Everything in the listing below must be reproduced exactly, apart from its images.

■ Recorded data ■
= = =

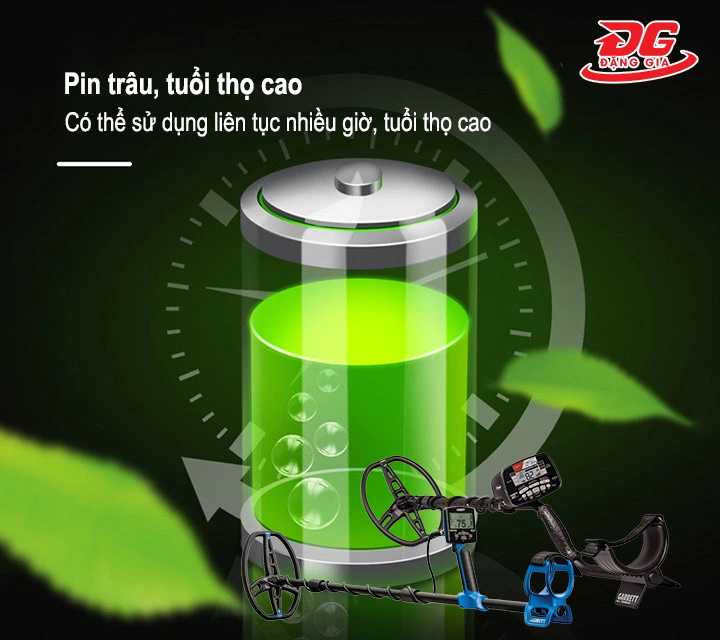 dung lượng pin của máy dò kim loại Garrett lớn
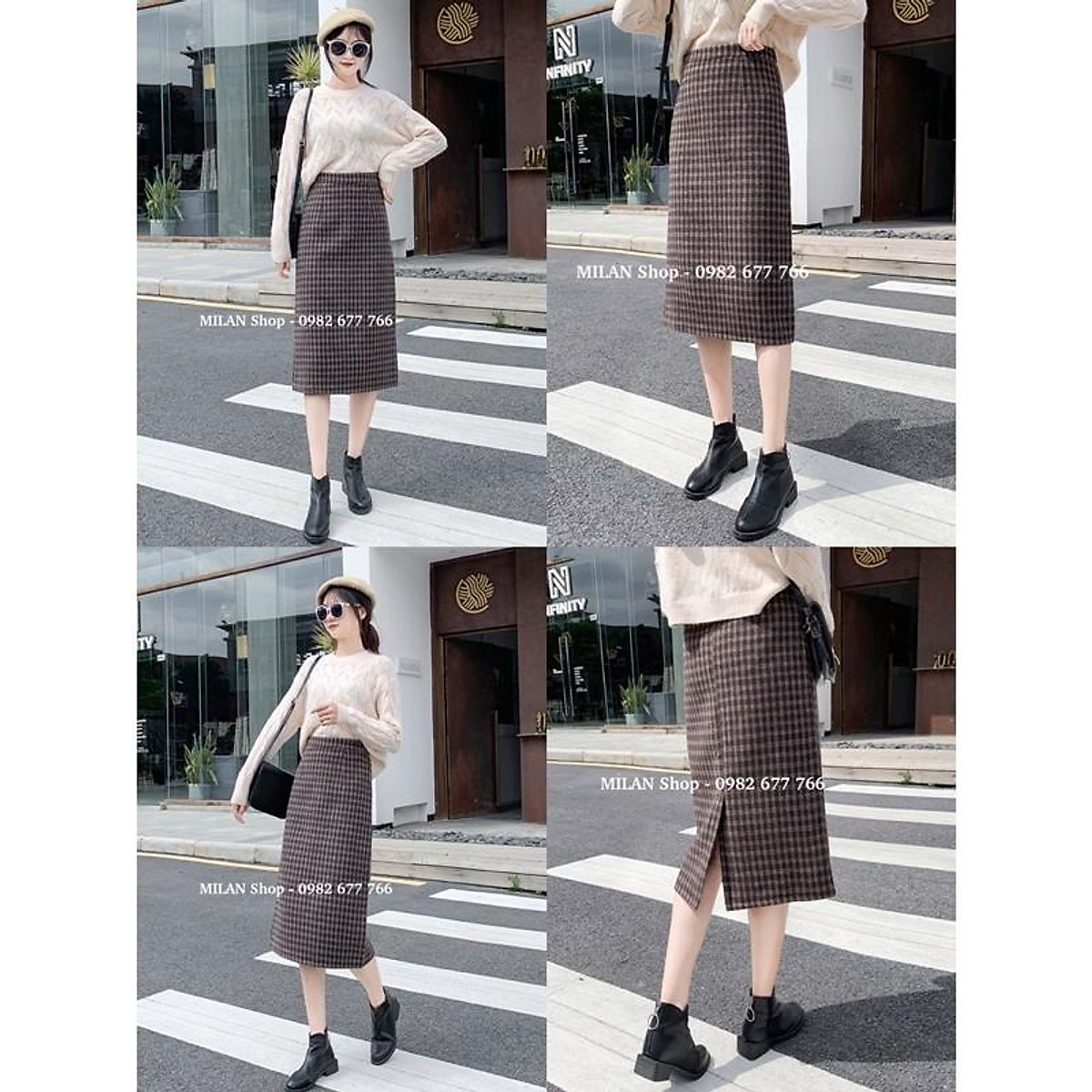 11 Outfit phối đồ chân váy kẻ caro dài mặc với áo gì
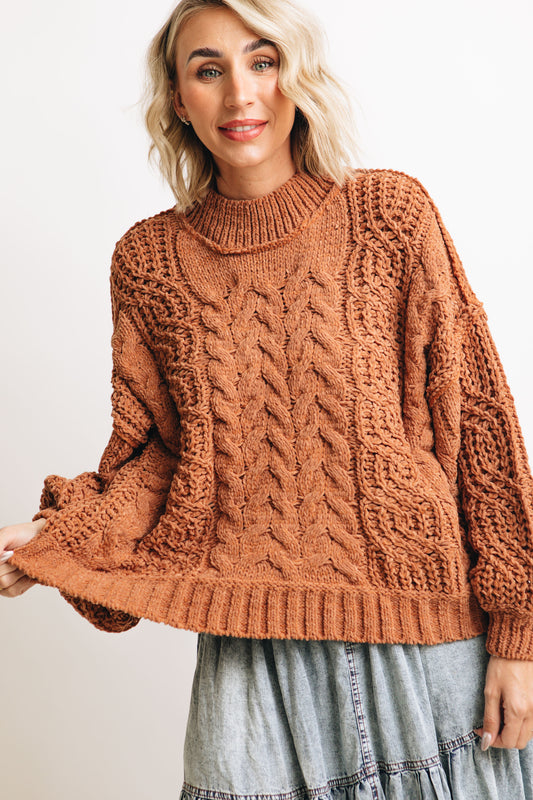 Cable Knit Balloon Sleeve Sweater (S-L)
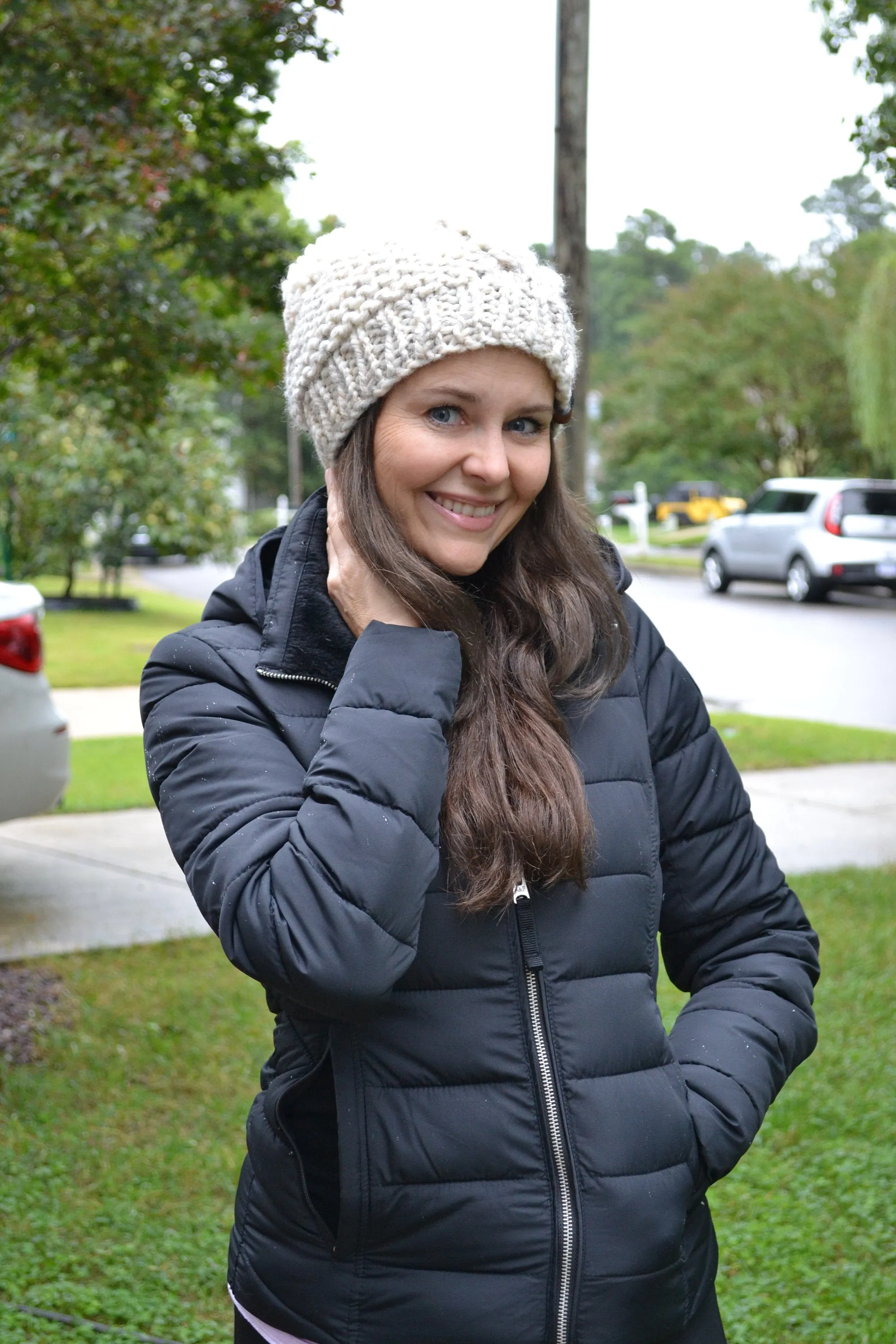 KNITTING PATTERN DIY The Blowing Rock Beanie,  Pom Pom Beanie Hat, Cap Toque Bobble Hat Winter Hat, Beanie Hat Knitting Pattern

= = =

■ Answer space ■
 dung lượng pin của máy dò kim loại Garrett lớn
 11 Outfit phối đồ chân váy kẻ caro dài mặc với áo gì
 Cable Knit Balloon Sleeve Sweater (S-L)
 KNITTING PATTERN DIY The Blowing Rock Beanie,  Pom Pom Beanie Hat, Cap Toque Bobble Hat Winter Hat, Beanie Hat Knitting Pattern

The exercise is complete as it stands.